Thursday, January 24, 2008

A commuter asks, “So, do I wait, or do I walk?”

As a Londoner and a non-driver, the much vexed question, “ How long do I wait for the bus?” is one that occupies much of my commuting time (far too much, for those of you who are interested). Once you start waiting, you feel obliged to wait just those extra five minutes, in the almost certain knowledge that, if you don’t, the bus will arrive just as you reach the point of no return.

It was, therefore, with a degree of fascination that I read news of research by Scott Kominers, a mathematician at Harvard University, indicating that, in the absence of information, the lazy option is, statistically, the best one.

I live in the north-west London suburb of Kingsbury, sufficiently far from a useful Underground station to make using a bus a viable option. However, I have a choice of two buses, one of which runs more frequently, but takes longer to get to Wembley Park station, the other less frequent, but runs me to Kingsbury station in a shorter time. Kingsbury adds four minutes to my train journey but I get a seat. Dilemmas, dilemmas…

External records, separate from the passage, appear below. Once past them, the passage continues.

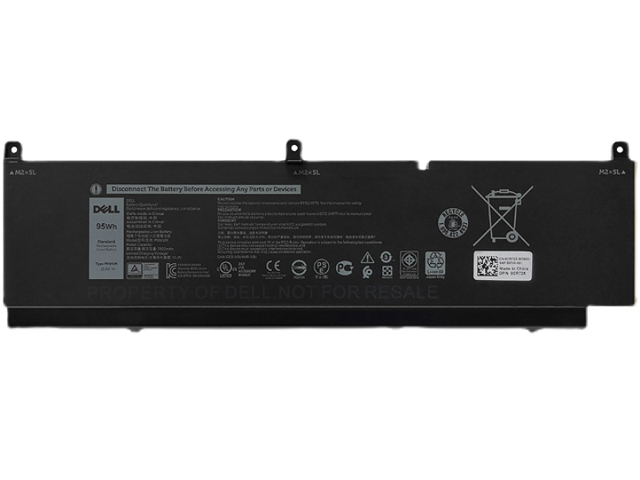 Dell PKWVM Laptop Battery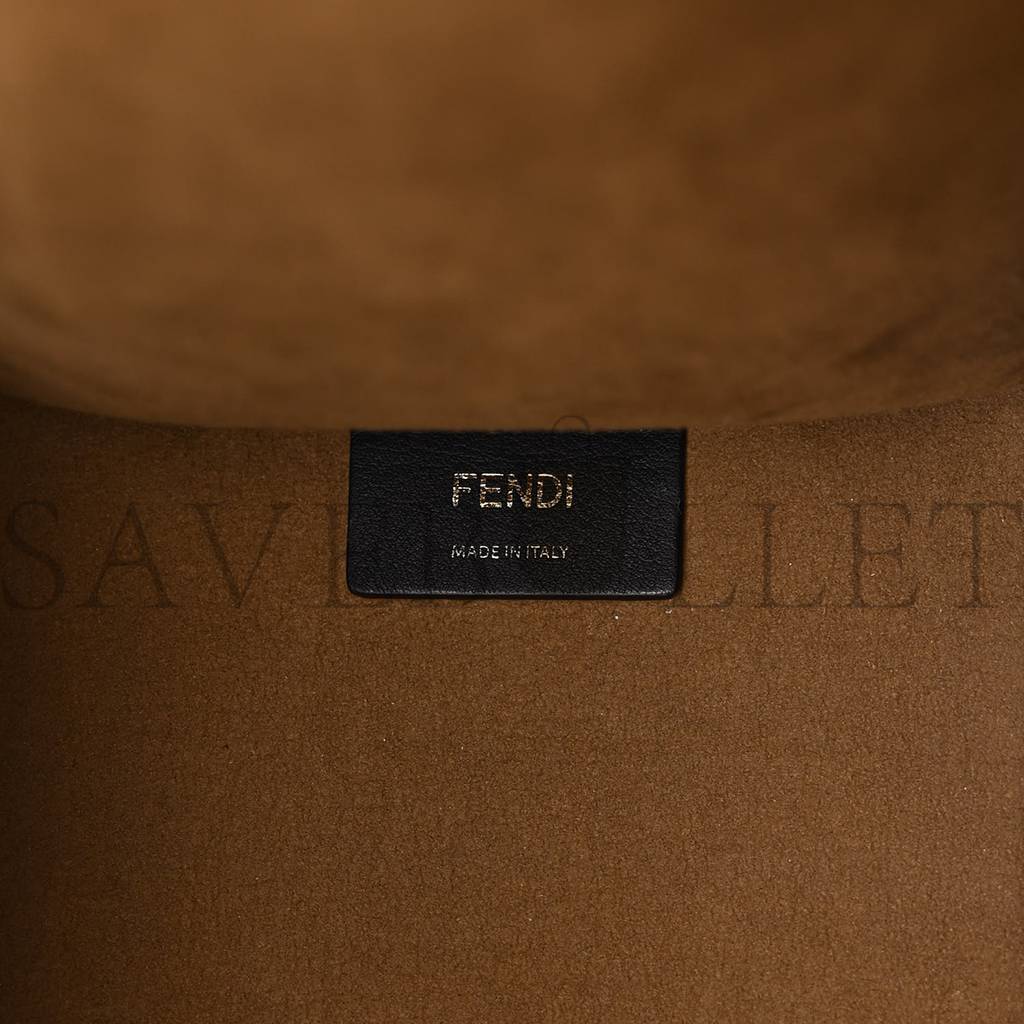 FENDI VITELLO PLEXIGLASS FF EMBOSSED MEDIUM FENDI SUNSHINE SHOPPER TOTE CARAMELLO (35*31*17cm) FENDI VITELLO PLEXIGLASS FF EMBOSSED MEDIUM FENDI SUNSHINE SHOPPER TOTE CARAMELLO (35*31*17cm)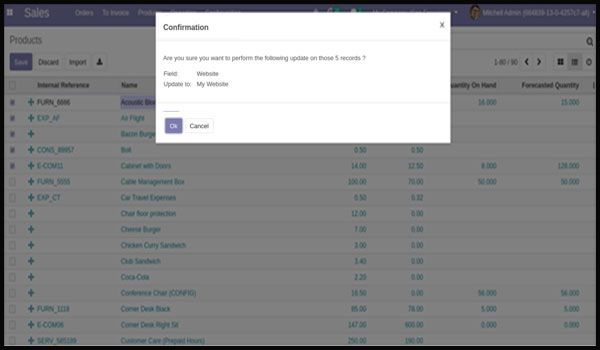 New Expected Features in Odoo 13 Grouped list views are now editable in Odoo 13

My bus stop has something called ‘Countdown’ which, technically, tells me how long it will be before the next bus comes. The catch is, it isn’t wholly reliable. It might, for example, tell me that there is a bus due in eight minutes, when one is actually coming around the corner. On the other hand, it might tell me that there is a bus three minutes away, which remains agonising that close for another five minutes. Alternatively, it mysteriously disappears into the West Hendon triangle, never to be seen again.

What I really need is a mathematician to tell me what my best option is. Actually, what I really need is a helicopter…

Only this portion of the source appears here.